É um pouquinho de vaidade e prepotência achar que tenho alguma coisa a dizer ao mundo, mas o mundo é grande, complexo e, embora nenhuma experiência seja inédita, são poucas as pessoas que conseguem ser porta-voz da vida. Por que eu não faria isso, por que não você? Às vezes sinto que escrever é só uma necessidade primitiva de me conectar com os outros seres humanos, incluindo os que nunca conhecerei e que talvez ainda não existam. Um pouco como a sonda Voyager 1 e seu disco de ouro gravado com as informações da humanidade, girando no breu à espera de outra civilização que escute. Meu tempo aqui acabará um dia, mas as coisas que escrevo estarão sempre aí, são um registro imóvel da minha imaginação. Esse é o tipo de coisa que me enche de entusiasmo e fico triste quando vejo pessoas com vergonha ou com medo de se jogar no mesmo mar. É o que mais escuto: um dia tomo coragem, um dia ainda escrevo meu livro. Parece que há um momento certo e que chegará esse momento, quando na verdade ele não existe. É um pouco como ter filhos – precisa ser uma criação sem cálculo, um gesto de coragem, se o desejo existe. Se pensar demais, desiste.

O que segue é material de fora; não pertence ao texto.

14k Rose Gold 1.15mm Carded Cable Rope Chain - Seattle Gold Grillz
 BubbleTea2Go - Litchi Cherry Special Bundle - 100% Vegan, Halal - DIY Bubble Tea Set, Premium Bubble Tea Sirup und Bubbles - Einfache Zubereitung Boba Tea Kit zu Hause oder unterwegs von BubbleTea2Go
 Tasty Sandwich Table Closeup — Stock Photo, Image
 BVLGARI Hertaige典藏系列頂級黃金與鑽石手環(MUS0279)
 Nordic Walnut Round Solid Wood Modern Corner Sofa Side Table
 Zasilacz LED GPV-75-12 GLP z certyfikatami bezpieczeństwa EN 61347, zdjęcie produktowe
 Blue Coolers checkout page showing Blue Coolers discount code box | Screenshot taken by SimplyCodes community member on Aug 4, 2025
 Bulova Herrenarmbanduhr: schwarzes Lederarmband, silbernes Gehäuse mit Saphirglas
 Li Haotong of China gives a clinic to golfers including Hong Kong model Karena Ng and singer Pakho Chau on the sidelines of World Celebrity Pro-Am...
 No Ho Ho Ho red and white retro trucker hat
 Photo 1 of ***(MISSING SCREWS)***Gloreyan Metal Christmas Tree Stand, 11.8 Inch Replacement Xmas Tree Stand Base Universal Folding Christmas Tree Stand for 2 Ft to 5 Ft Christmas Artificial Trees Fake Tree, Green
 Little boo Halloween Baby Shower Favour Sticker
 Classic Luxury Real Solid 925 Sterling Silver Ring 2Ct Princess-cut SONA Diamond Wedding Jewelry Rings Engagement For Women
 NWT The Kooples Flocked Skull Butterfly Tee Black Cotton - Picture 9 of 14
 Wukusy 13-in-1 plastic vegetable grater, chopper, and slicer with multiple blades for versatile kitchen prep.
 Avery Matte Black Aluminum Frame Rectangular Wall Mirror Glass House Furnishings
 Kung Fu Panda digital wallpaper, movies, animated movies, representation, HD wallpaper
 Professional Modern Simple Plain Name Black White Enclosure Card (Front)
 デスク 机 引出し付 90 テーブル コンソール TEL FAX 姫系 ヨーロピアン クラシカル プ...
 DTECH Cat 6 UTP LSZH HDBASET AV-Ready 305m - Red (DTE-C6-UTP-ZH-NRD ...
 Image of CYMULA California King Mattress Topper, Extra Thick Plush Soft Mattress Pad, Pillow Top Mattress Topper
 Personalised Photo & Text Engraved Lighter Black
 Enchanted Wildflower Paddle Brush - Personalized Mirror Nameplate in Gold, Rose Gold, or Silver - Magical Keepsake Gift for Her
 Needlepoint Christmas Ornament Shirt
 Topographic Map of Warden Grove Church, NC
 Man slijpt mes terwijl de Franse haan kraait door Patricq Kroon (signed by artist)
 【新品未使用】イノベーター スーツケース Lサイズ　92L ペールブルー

Escrever é inútil, é dispendioso, dói a cabeça, gasta tempo. Mas, francamente, é um enorme incentivo para viver.
Escrever é uma perturbação que alivia, meu deus.
Belíssimo texto. Para mim, a escrita tem também um caráter de conexão com o mundo. Cada texto que eu posto ou publico é como um bilhete em uma garrafa lançado ao mar, na busca por encontrar alguém que leia e se sinta tocado. Stephen King diz que é a verdadeira telepatia. Eu concordo com ele.